Among the frontline services receiving recognition was the Department of Education’s Learning to Learn Team, which scooped the Collaboration Award. The team has worked with the Department of Health and delivery bodies to put in place support for young children and families before they attend school, coordinating with professionals such as midwives, health visitors and teachers.
The Prison Service’s Industrial Projects Team won the Operational Delivery Award for its initiative to help inmates develop vocational skills and gain experience using them. The team is working with North West Regional College, a higher and further education college, to equip prisoners with skills that they then use in maintenance and construction tasks within the prison and in projects for local schools and churches.
The Prison Service was well represented at the awards, with Valerie Hayes, who manages funding agreements with voluntary and community sector partners who provide services for prisoners, taking home the Customer Service Award.

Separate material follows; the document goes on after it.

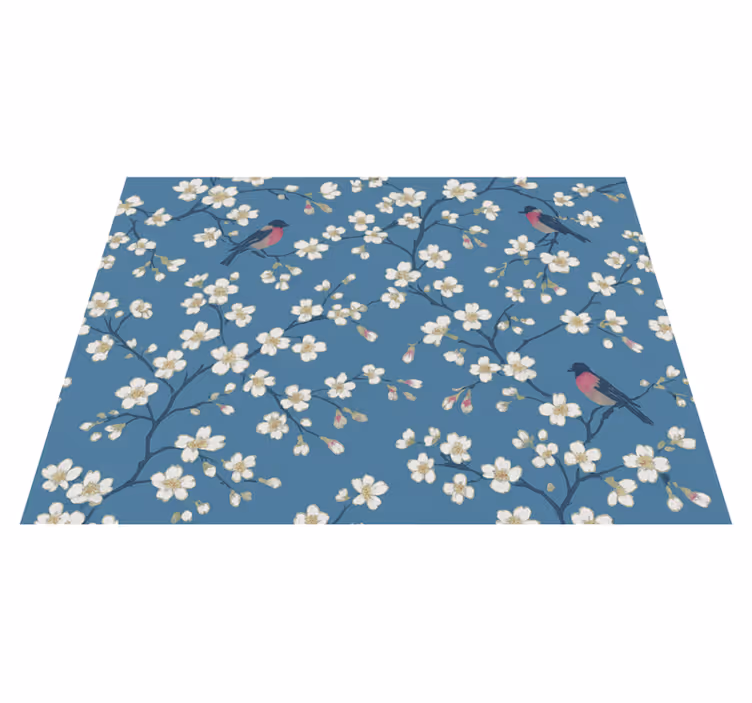 Nature rug blue orchard birds - TenStickers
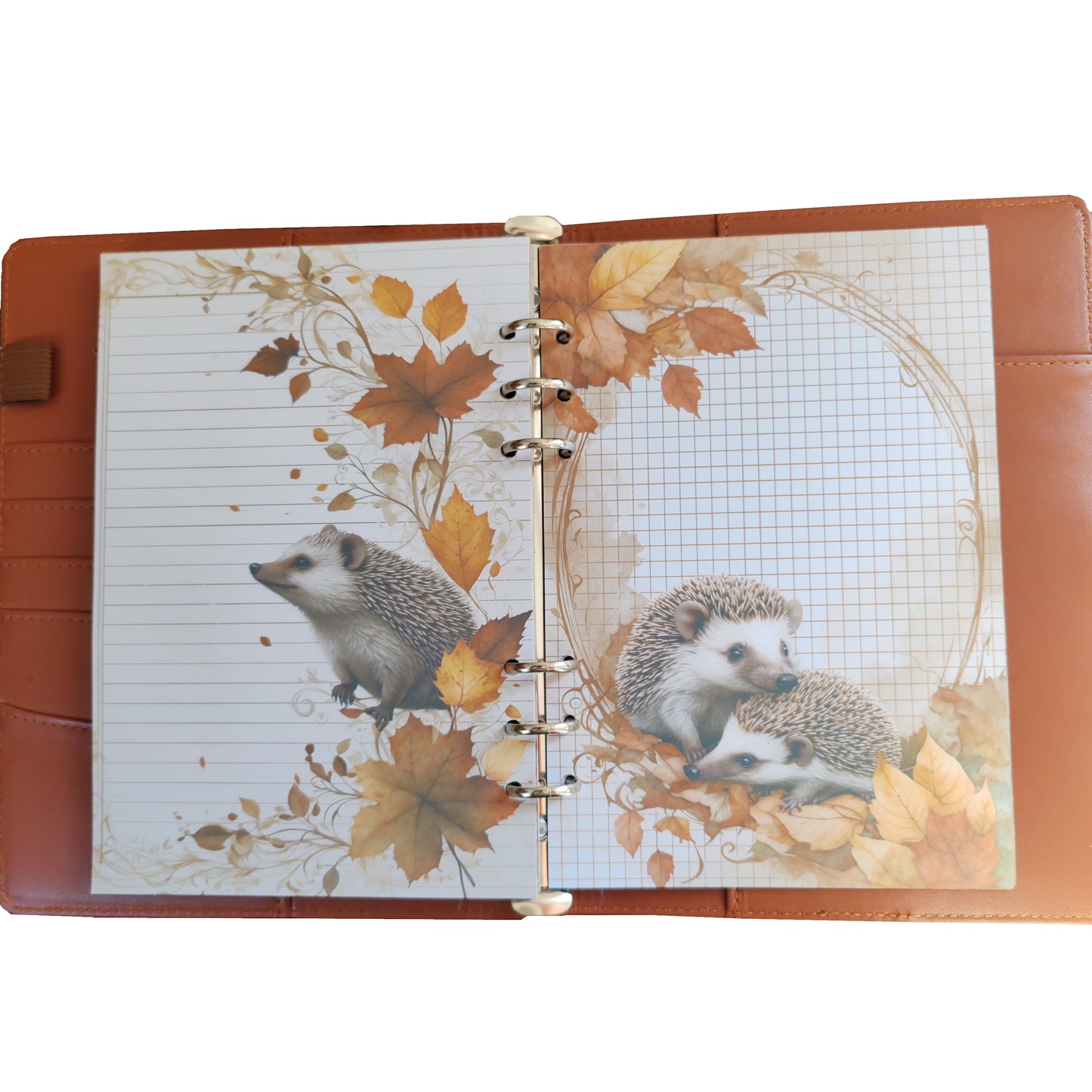 Autumn Breeze Ringbucheinlagen | Motiv-Inlays Igel | 50 Seiten | DIN A5/A6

Hayes “goes beyond the requirements of her role to help prisoners leaving custody deal with changes to social security” and the new Universal Credit welfare system, the judges said.

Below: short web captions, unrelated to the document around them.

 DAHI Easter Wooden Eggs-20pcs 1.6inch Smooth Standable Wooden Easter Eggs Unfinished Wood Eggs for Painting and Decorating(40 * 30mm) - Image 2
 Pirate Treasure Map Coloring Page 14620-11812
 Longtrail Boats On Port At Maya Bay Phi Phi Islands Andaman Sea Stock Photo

And David Kennedy, who became governor of Maghaberry Prison in March, was one of three recipients of an Inspirational Leader Award, for leading the institution’s transformation from what had been called the most dangerous prison in Western Europe, to receiving its best inspection score on record.
Peter Hanna, leader of the Belfast Arrears Team at the Department for Communities, was also named an inspirational leader after pushing the team to the number one spot for outcomes within the government’s Child Maintenance Service – as was Leanne Patton, manager of the Customer Enquiry Team in the same department.
Despite the celebratory atmosphere, the upbeat ceremony was peppered with references to the trying times civil servants have faced over the last two years since power sharing talks broke down at the beginning of 2017.
Sterling said he would not dwell on the challenges civil servants had taken on without a functioning executive, but praised their resilience. "No matter what [the circumstances facing] us in the civil service, we rise up and we meet the challenge, and we will do it again," he said.
The winners were selected from a record-breaking 618 nominations and also included the Department of Agriculture, Environment and Rural Affairs’ Entitlements Agile Scrum Team, which scooped the Digital Award; Michael Heaney at the Department of Justice, who won the Innovation Award; the Individual Funding Request Team at the Department of Health won the Policy Award; and Neal Ritchie at the Department of Finance won the Volunteering Award.
The Department of Education's Maria McCracken, who set up a NICS-wide cancer support network, won the Making a Difference Award, while the Executive Office’s LGBT Network, which organised a visible NICS presence at Belfast Pride for the first time, received the Diversity and Inclusion Award.